*** Opening Available records ***

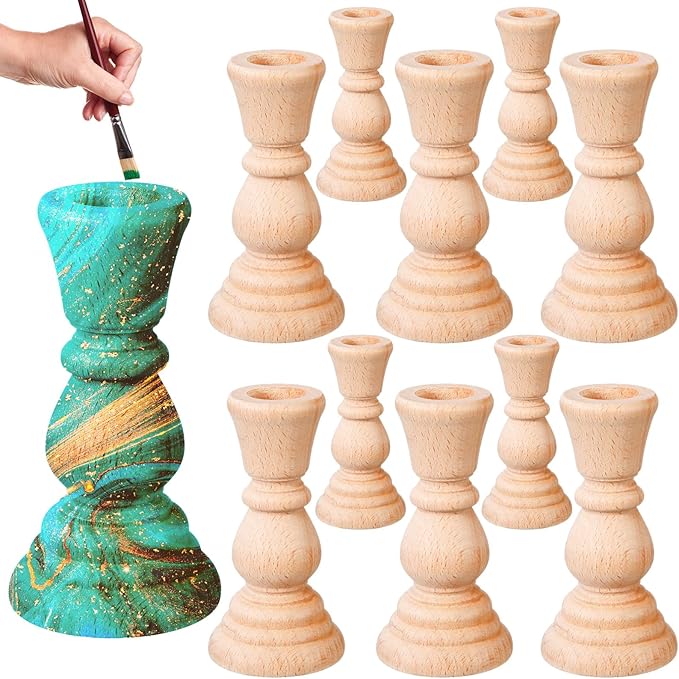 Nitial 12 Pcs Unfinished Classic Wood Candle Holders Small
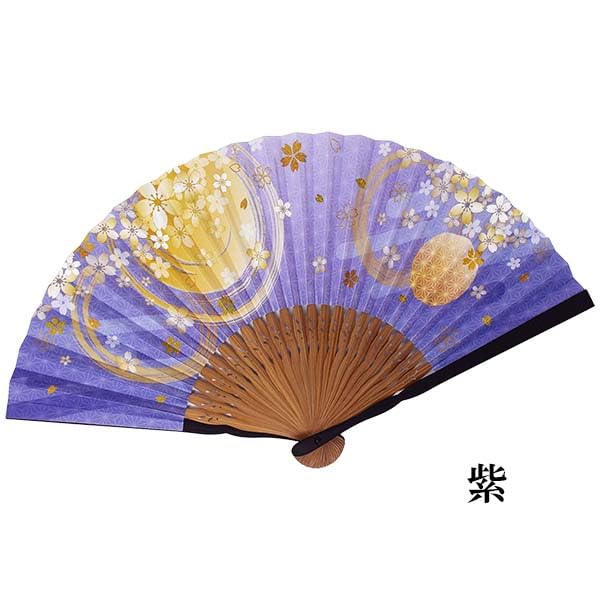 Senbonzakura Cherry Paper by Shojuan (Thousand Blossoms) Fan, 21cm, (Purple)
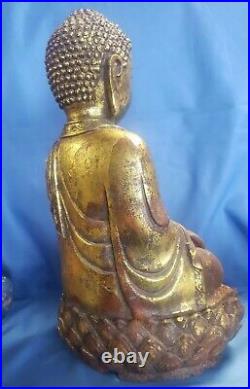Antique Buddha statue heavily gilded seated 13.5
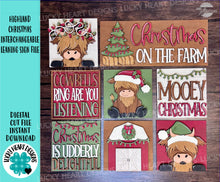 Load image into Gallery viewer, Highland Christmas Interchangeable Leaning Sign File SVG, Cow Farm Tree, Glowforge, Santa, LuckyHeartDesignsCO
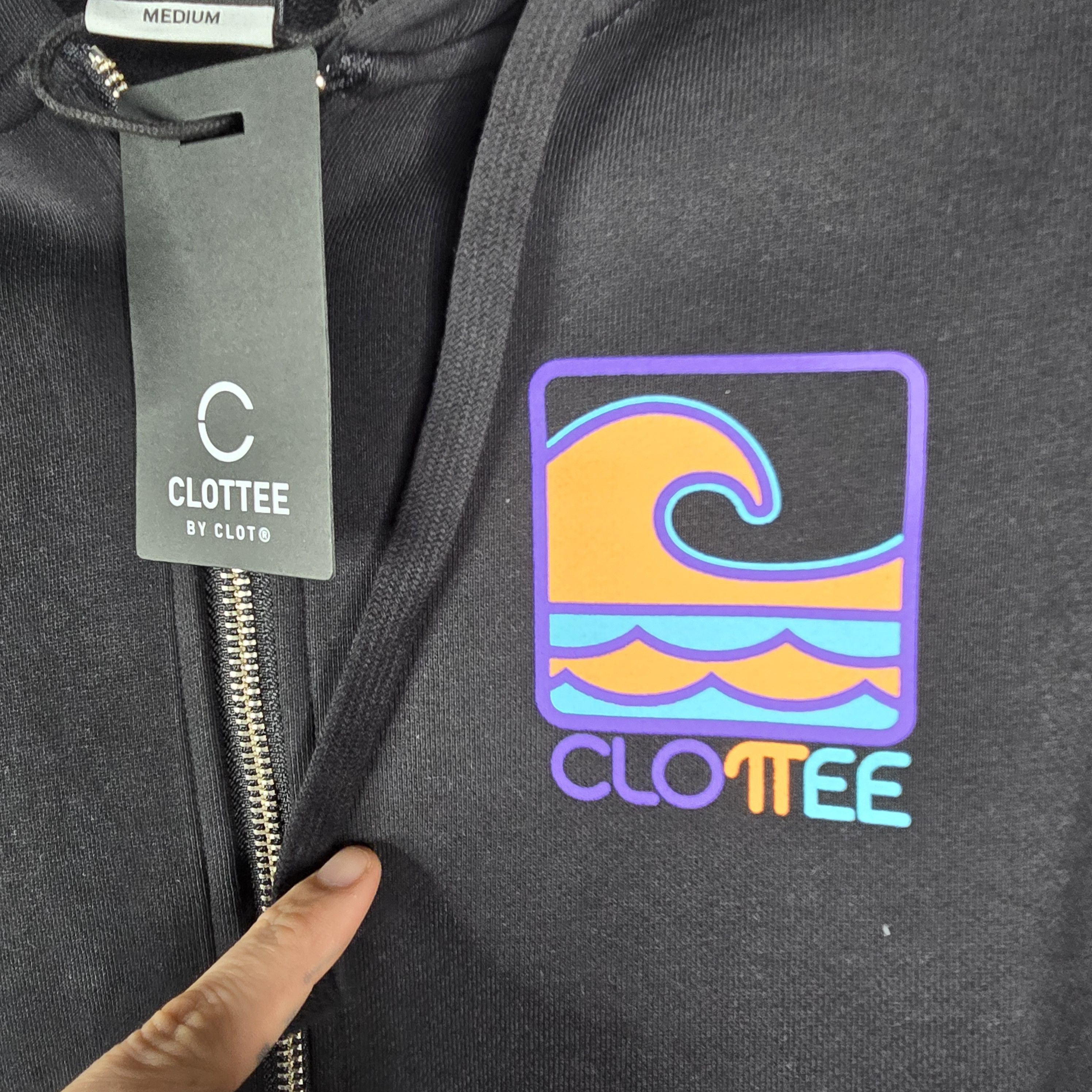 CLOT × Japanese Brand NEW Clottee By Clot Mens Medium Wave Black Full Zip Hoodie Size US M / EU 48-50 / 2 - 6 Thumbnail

*** Closing Available records ***

_Directions for this task_: Reproduce exactly and only the lines from the "Load image into" line to the last line of the records above. Do not carry over any pictures.

_Completed exercise_:
 Load image into Gallery viewer, Highland Christmas Interchangeable Leaning Sign File SVG, Cow Farm Tree, Glowforge, Santa, LuckyHeartDesignsCO
 CLOT × Japanese Brand NEW Clottee By Clot Mens Medium Wave Black Full Zip Hoodie Size US M / EU 48-50 / 2 - 6 Thumbnail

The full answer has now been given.